Brazil is a tropical country! It’s never cold there, right? Wrong.
Curitiba, down in the south, was hovering about zero degrees and frosty when we arrived from the São Paulo coast. It’s the coldest place we’ve encountered so far, and on their coldest weekend of the year so far. We needed every layer we could wear, even indoors!
We were very lucky to be hosted by Yves, who found us through Couchsurfing. A great, generous guy, he took us out at night, showed us his city, and gave us plenty of tips for our brief visit. He shared crazy stories with us, from his time working as a missionary in the favelas of Rio. Trying to spread the word of God to drug-addled traficantes is an unenviable task. We learned a little bit about the Mormon religion too. Keep up the good work Yves!
One tip for Couchsurfing in Brazil, vs other countries. We’ve found in Ireland and Europe that usually you need to send a message a week or two ahead of time to be sure you get a place to stay. In Brazil- it’s 3 days. Any further out than that and you won’t get anything back but a wave of “no’s”.
Curitiba saw waves of immigration from Ukraine and Germany early in the 20th century, and has some well-kept parks to commemorate these events. The Ukrainian memorial has a replica Eastern Orthodox church, built of wood, and open to the public.
The German memorial is a park too, with an events hall, a cafe serving strudel, and a wobbly wooden tower. In the centre, you can celebrate German culture even more with a great beer selection, something difficult to find in any of the states up north we’d previously passed through.

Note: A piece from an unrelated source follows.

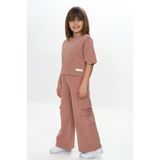 Toontoy Kız Çocuk 2'li Takım Baskılı Bisiklet Yaka Kısa Kollu Crop Sweatshirt & Beli Lastikli Cepli Bol Paça Eşofman Altı - Denim Görünümlü & Yıkamalı 2 Iplik - Bordo - 5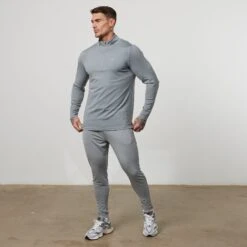 Vanquish Essential Steel Grey Performance 1/4 Zip Top -Vanquish Fitness Shop VQFit E commerceFeb2499271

One spot worth visiting is the “Chicken House Rock Bar”, a tiny room opening onto the street, with a busy crowd & musicians playing outside every night of the week. The streets nearby are full of bars, people were spilling out of every door we passed, everyone with a hot wine in their hand. Winter was in the air!
No Brazilian city would be complete without an enormous Oscar Niemeyer construction, and Curitiba’s sets the bar high. A huge “eye” rises above a reflecting pool and events centre. Every sunny afternoon it’s a gathering place, and a good spot to do some people watching.
Brazil’s involvement in World War 2 is little-known, even in Brazil itself. Most of the Brazilian troops who fought in Europe came from the southern states, especially Paraná. The Museu do Expedicionarios tells their story, with an impressive collection of vintage firearms, uniforms and captured Nazi memorabilia.
After a brief stop at the botanic gardens (Not so impressive in winter), we passed through ancient Egypt. There’s a bit of everything here!
In our next post, we’ll take a deeper look at Brazil in WW2.
- Strudel & Coffee at the German Memorial: R$9 / €2.50
- Dinner at Quintal do Monge brew pub: R$24 / €7
- Snacks at Botanic Gardens café: R$4 / €1
- Botanic Gardens entrance: Free!
- Museu do Expedicionarios: Free!
- Ukranian Memorial: Free!
- German Memorial: Free!
- Hot drinks at Chicken House Rock Bar: From R$5 / €1.50
It was very nice to know you guys!!! Live long and prosper!